◆ What needs to be done
Locate the line that contains "Vanne de Radiateur" in the entries below, then repeat it and every following line through the line that contains "Wooden Hand-Painted Folding", exactly, and no others.

◆ Recorded data
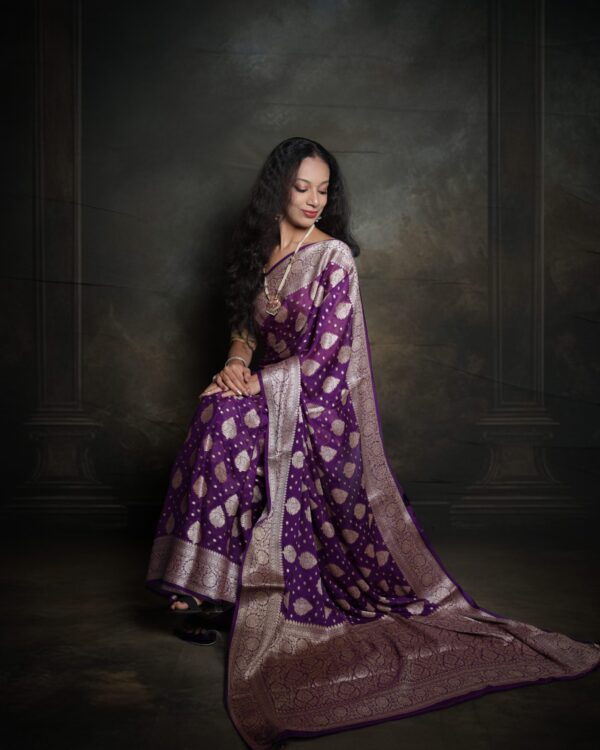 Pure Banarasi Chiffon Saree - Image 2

==

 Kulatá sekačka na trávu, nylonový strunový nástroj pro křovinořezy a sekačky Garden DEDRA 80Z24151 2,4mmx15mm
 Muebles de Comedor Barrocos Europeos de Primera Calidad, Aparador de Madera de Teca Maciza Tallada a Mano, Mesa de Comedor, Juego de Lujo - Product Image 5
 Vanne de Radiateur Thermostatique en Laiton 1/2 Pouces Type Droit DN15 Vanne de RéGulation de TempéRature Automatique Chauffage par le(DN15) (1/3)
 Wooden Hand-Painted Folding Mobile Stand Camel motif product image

==

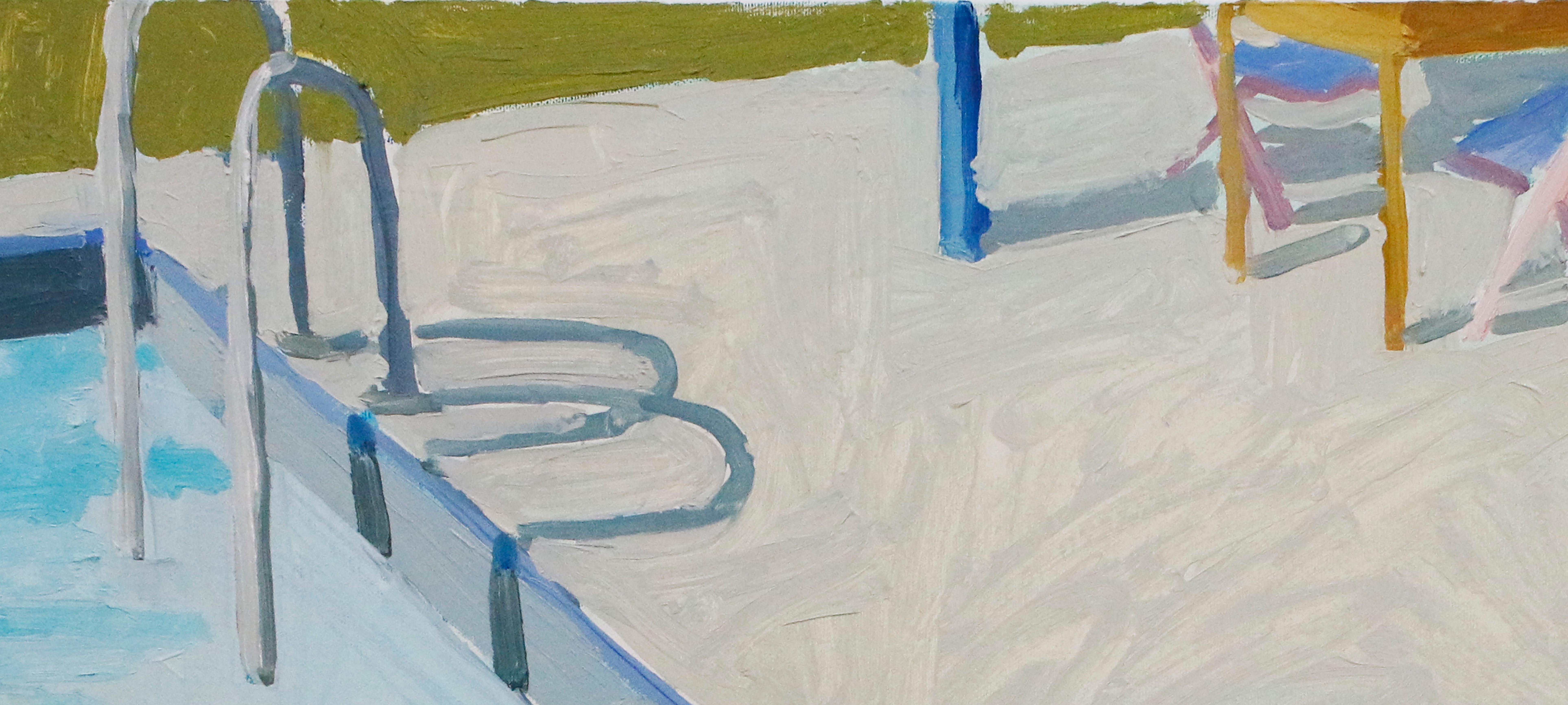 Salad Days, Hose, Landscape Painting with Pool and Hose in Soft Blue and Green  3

◆ Solution to the exercise
 Vanne de Radiateur Thermostatique en Laiton 1/2 Pouces Type Droit DN15 Vanne de RéGulation de TempéRature Automatique Chauffage par le(DN15) (1/3)
 Wooden Hand-Painted Folding Mobile Stand Camel motif product image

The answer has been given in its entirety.